'''
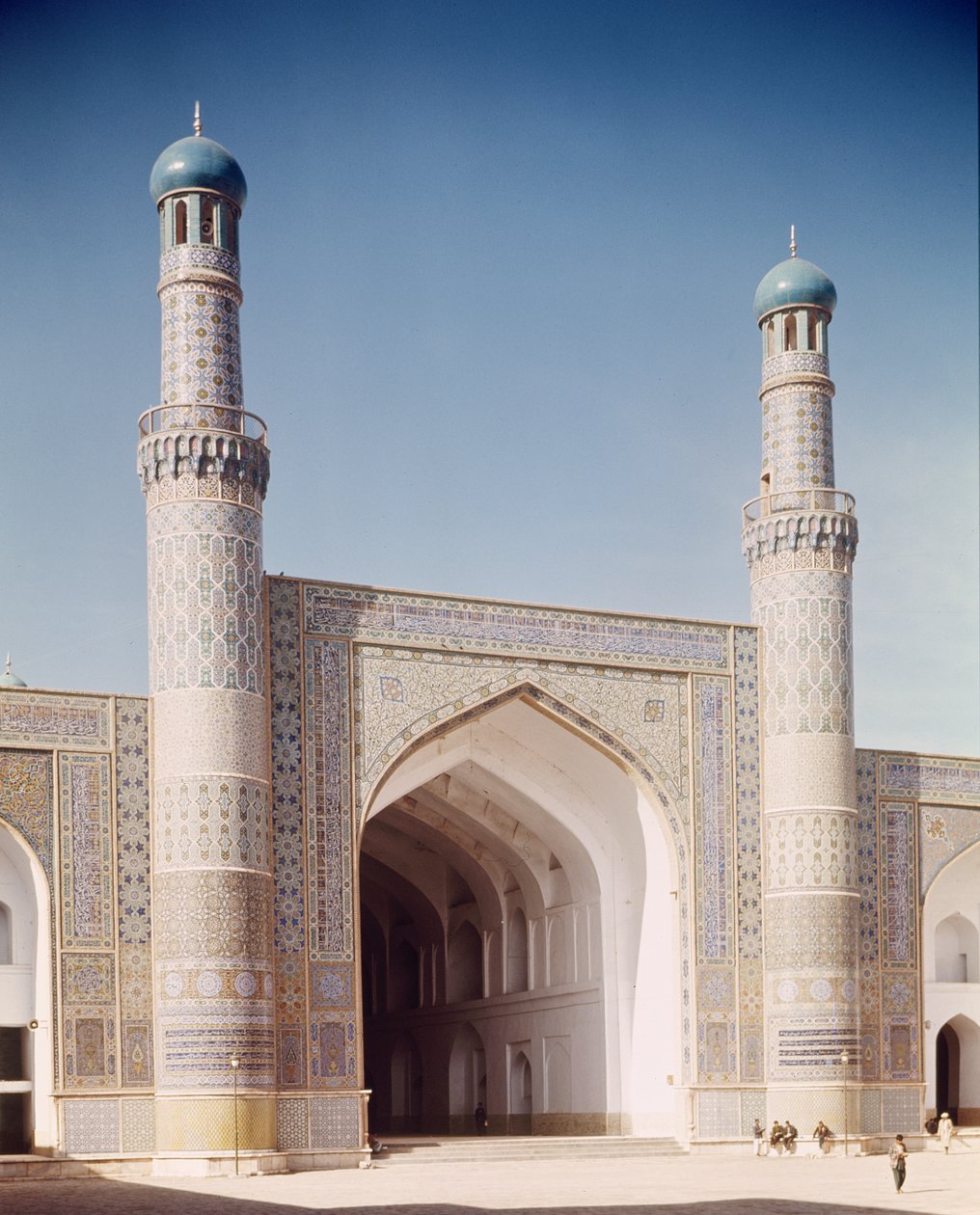 La Masjid-i Jami o Moschea del Venerdì, fondata nel 1200, ricostruita nel 1498 da Islamic School
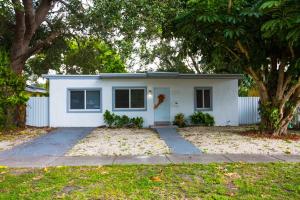 a small white house with a tree at Suite Life at Chez Mercedes in Miami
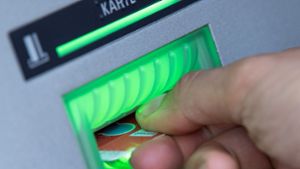 An einem Geldautomaten fand der der inszenierte Überfall statt. (Archiv) Foto: dpa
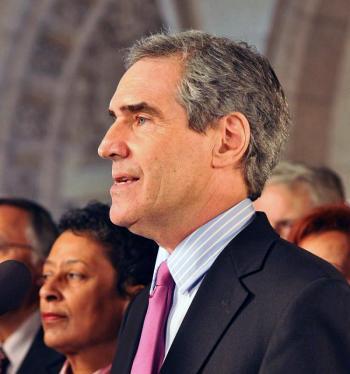 <a href="https://www.theepochtimes.com/assets/uploads/2015/07/Ignatieff_0030-cropped2_medium.jpg"><img src="https://www.theepochtimes.com/assets/uploads/2015/07/Ignatieff_0030-cropped2_medium.jpg" alt="Liberal leader Michael Ignatieff talks to reporters in the foyer of the House of Commons after his motion finding the government in contempt of Parliament passed moments before. (Matthew Little/The Epoch Times)" title="Liberal leader Michael Ignatieff talks to reporters in the foyer of the House of Commons after his motion finding the government in contempt of Parliament passed moments before. (Matthew Little/The Epoch Times)" width="320" class="size-medium wp-image-122931"/></a>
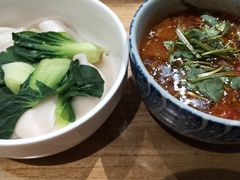 酸汤手擀面-新梅华·茶点餐厅(石路国际商城店)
'''
Your task.
Counting both ends, reproduce word for word the lines from the line with "a small white" to the final line of the listing above, skipping every picture.

Solved exercise.
 a small white house with a tree at Suite Life at Chez Mercedes in Miami
 An einem Geldautomaten fand der der inszenierte Überfall statt. (Archiv) Foto: dpa
 <a href="https://www.theepochtimes.com/assets/uploads/2015/07/Ignatieff_0030-cropped2_medium.jpg"><img src="https://www.theepochtimes.com/assets/uploads/2015/07/Ignatieff_0030-cropped2_medium.jpg" alt="Liberal leader Michael Ignatieff talks to reporters in the foyer of the House of Commons after his motion finding the government in contempt of Parliament passed moments before. (Matthew Little/The Epoch Times)" title="Liberal leader Michael Ignatieff talks to reporters in the foyer of the House of Commons after his motion finding the government in contempt of Parliament passed moments before. (Matthew Little/The Epoch Times)" width="320" class="size-medium wp-image-122931"/></a>
 酸汤手擀面-新梅华·茶点餐厅(石路国际商城店)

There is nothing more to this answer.